| An elderly man sits in front of his house damaged by wild elephants in Jorhat.
Jorhat, Oct. 6: It is not Ma Durga but Lord Ganesha on their minds in the run-up to Durga Puja.
Elephants straying out of Gibbon wildlife sanctuary in Mariani and destruction of crop in recent times have sent nearby villagers, tea garden workers and the forest department into a tizzy.
Villagers are praying and forest staff planning to keep the elephants at bay to prevent death and destruction. Congress MLA of the area Rupjyoti Kurmi expressed helplessness.
The man-elephant conflict has raised the demand for firecrackers from the people of the villages in the surrounding areas to ward off elephants that have been attracted by ripening of paddy.
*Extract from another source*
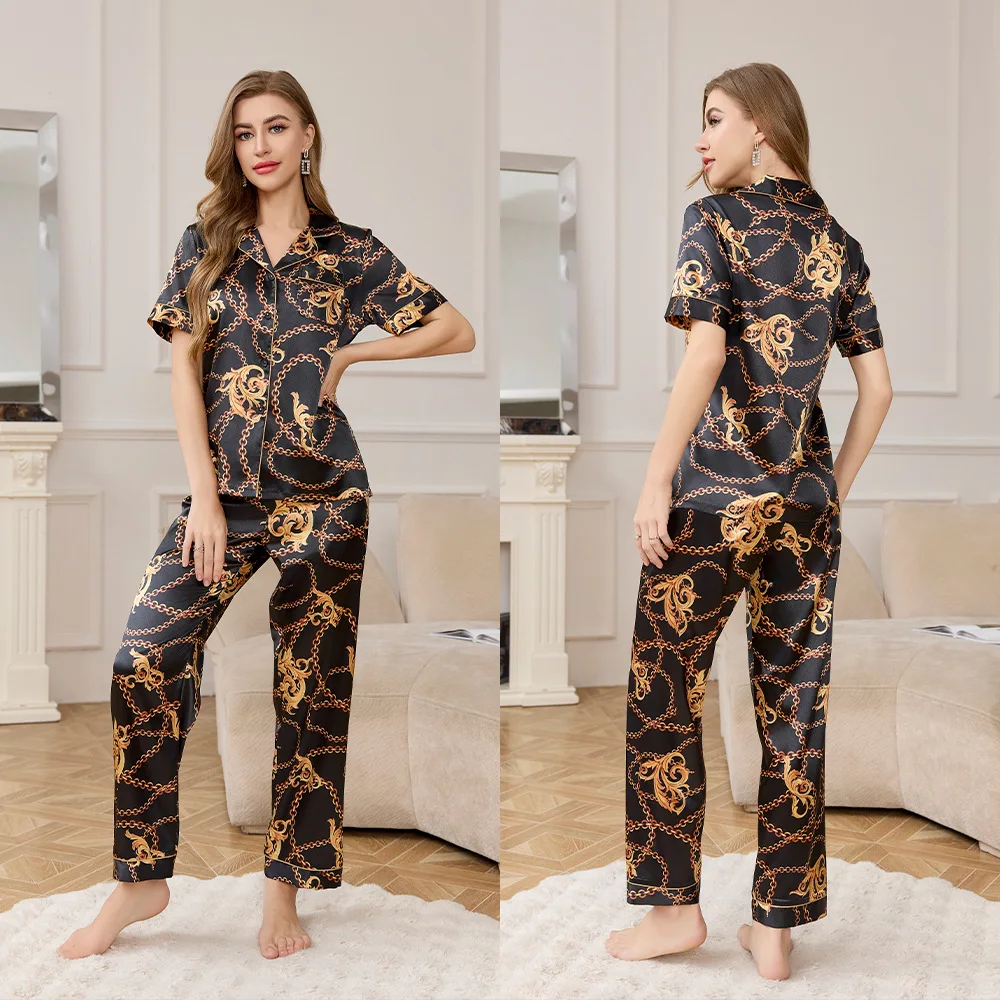 

Women's Pajama Ice Silk Summer Short-sleeved Trousers Loungewear Set High-end Printing Two-piece Set Pijama Women Sleepwear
Rajen Bhumij, a worker of Sycotta tea estate, said for almost a fortnight a herd of elephants had been straying into paddy fields inside and outside the gardens and creating havoc.
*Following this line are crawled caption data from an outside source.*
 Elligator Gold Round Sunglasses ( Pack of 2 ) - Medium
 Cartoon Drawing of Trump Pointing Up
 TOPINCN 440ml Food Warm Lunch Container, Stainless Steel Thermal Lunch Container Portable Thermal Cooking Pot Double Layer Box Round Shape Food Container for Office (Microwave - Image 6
Bhumij said the herd had damaged labour quarters and granaries.
“Now festive mood is building up everywhere with Puja commencing this week, but people here are spending sleepless nights in fear and uncertainty as the elephants seemed to be in a ravaging mood,” Bhumij said.
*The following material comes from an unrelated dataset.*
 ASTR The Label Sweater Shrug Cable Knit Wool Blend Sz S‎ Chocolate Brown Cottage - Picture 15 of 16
“We are praying to Ganesh baba to save our lives and property and for the return of the elephants to the sanctuary,” he said, adding that people were regularly offering prayers at a Ganesh temple near Gibbon at Dihingiapara tea garden.
Hemanta Hazarika, a resident of nearby Madhurpur village, echoing Bhumij, said people were worried and taking turns to protect the fields along with forest guards.
Mariani range officer Dibakar Medhi told this correspondent that elephants (numbering about 40), had been regularly straying out of the sanctuary after sunset. He said the herd had been splitting into small groups thus making the task of six forest guards difficult.
“Our guards have been bursting firecrackers and at times are firing in the air to disperse the elephants. The affected villagers, too, have been demanding crackers to ward off the elephants and the demand is increasing,” Medhi said.
The official said using crackers to chase away the elephants is a better option than blank firing.
The cost of ammunition is much more than that of crackers and there is less risk of causing damage to the elephants and villagers in case of a freak firing.
Ruing government’s apathy towards the problem, Kurmi, who has been joining people during nights in chasing the elephants, said his letters on the problem and personally informing forest minister Rakibul Hussain and chief minister Tarun Gogoi had not yielded results.
The MLA said he had been providing torchlights to the people.
The sanctuary, with an area of 20.48 square km, is an ideal habitat for two to three elephants.
According to forest department sources, the population of the elephants in the sanctuary has gone up to 40 from 20 in eight years.
The worst-affected areas are Govindpur, Madhurpur, Bhogpur, Pukhuria, Fesuwal, Meleng and Dhekiajuli villages and the affected tea gardens include Moormooria, Dukhlongia, Hooloongur, Kathalguri, Hatigarh and Bheluguri.